It’s always with great trepidation I write anything that may cast a dark cloud on, among a handful of well-loved names, Fitbit Inc (FIT). But the stock is still down more than 70% since its August-2015 peak (and only up about 17% from its February low), which shows that most of the market agrees that Fitbit stock isn’t worth owning.
Still, there’s a small but very vocal segment of the market that (1) still loves the premise of the company’s technology, and (2) is quick to “creatively criticize” anyone who dares point out flaws the company is unprepared to face.
If you’re in that minority crowd, all I ask is that you hear me out and give some honest thought to what I’m about to suggest regarding Fitbit stock.
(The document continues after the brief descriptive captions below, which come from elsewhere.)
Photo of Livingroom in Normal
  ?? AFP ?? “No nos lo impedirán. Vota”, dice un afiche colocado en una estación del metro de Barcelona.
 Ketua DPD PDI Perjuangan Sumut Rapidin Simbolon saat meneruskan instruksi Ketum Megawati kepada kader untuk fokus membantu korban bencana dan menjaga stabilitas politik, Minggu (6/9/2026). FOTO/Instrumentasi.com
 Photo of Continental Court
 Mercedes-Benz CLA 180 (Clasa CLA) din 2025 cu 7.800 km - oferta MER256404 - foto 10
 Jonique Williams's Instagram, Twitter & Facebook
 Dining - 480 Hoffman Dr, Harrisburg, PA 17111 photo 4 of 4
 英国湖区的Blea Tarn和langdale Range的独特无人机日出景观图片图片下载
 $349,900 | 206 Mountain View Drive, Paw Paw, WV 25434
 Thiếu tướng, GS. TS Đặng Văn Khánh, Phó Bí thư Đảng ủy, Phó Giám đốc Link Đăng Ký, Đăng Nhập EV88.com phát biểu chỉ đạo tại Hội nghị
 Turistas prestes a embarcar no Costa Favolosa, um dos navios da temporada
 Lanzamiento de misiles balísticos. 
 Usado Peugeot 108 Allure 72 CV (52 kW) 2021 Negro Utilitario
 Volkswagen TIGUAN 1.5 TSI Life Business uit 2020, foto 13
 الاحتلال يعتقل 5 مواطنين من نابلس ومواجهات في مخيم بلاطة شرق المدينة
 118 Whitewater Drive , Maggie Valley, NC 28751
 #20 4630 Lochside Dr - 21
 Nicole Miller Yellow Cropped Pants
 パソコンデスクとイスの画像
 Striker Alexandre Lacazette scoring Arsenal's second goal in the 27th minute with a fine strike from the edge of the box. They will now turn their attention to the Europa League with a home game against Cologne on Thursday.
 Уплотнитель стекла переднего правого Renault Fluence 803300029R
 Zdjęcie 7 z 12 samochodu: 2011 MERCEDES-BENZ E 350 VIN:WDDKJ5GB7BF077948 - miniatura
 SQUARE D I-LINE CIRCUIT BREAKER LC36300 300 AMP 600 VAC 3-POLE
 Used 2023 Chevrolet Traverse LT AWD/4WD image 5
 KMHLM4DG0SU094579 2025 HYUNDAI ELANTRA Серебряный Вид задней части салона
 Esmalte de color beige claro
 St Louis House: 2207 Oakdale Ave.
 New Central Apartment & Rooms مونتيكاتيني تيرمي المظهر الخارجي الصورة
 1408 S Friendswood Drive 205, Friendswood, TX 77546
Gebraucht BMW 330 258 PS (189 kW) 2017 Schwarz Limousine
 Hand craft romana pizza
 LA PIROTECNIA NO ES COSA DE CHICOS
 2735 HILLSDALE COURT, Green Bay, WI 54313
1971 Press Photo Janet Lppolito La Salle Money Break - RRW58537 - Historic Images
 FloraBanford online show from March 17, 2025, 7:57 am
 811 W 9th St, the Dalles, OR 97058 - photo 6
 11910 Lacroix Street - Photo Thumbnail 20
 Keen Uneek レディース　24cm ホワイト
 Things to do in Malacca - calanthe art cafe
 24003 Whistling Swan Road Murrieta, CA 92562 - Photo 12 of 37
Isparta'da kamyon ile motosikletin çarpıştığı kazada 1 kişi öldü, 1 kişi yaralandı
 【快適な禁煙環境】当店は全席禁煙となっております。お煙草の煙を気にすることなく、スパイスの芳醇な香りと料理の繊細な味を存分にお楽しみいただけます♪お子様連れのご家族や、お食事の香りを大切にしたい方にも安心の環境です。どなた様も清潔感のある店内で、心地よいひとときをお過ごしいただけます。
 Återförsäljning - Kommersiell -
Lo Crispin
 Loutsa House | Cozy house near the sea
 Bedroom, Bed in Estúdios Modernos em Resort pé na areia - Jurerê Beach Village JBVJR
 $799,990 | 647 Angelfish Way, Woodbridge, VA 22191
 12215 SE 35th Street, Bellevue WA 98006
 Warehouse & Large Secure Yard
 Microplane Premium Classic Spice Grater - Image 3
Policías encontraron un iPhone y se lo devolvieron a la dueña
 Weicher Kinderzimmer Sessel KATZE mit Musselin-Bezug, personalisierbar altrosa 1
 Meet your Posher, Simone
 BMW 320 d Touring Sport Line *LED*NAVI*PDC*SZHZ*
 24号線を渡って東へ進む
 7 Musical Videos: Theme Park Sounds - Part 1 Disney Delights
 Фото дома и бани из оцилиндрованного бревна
Fitbit Stock’s Best Days Are in the Rearview Mirror
Calling a spade a spade, it would be easy to suggest the class action lawsuit currently being levied against Fitbit (claiming its PurePulse heart-rate monitor technology is woefully inaccurate) is a big problem. Ditto for the fact that, since Fitbit defined the market, much cheaper and almost-as-good knockoffs are starting to chip away at Fitbit’s dominance in this sliver of the wearable space.
Truth be told though, those issues aren’t the biggest threat to the company’s long-term viability. No, more than anything else, current and would-be owners of Fitbit stock should worry that consumers are already starting to lose interest in the novelty of wrist-worn activity monitors.
In other words, the fad is winding down.
Describing last year’s Fitbit-mania as nothing more than a fad is the feather-ruffling part of the discussion. Fitness isn’t a fad. It’s a lifestyle, and it never goes away. And, with more than 7 billion people populating the planet, there’s still a lot more market for Fitbit to tap.
I don’t disagree with the first half of the counterargument; being fit is usually en vogue for a big enough portion of the population to call it a respectable market. The market size of willing buyers of such wrist-worn devices, however, is not only a small subset of those 7 billion people, most of the would-be Fitbit owners already own one and aren’t apt to buy another one.
Indeed, a wide swath of Fitbit owners are already losing interest in wearing the one they have. Why buy another one to gather dust?
The specifics: Depending on who you ask, 30% to 50% of activity monitoring watch owners stop using them within a few months of acquiring them.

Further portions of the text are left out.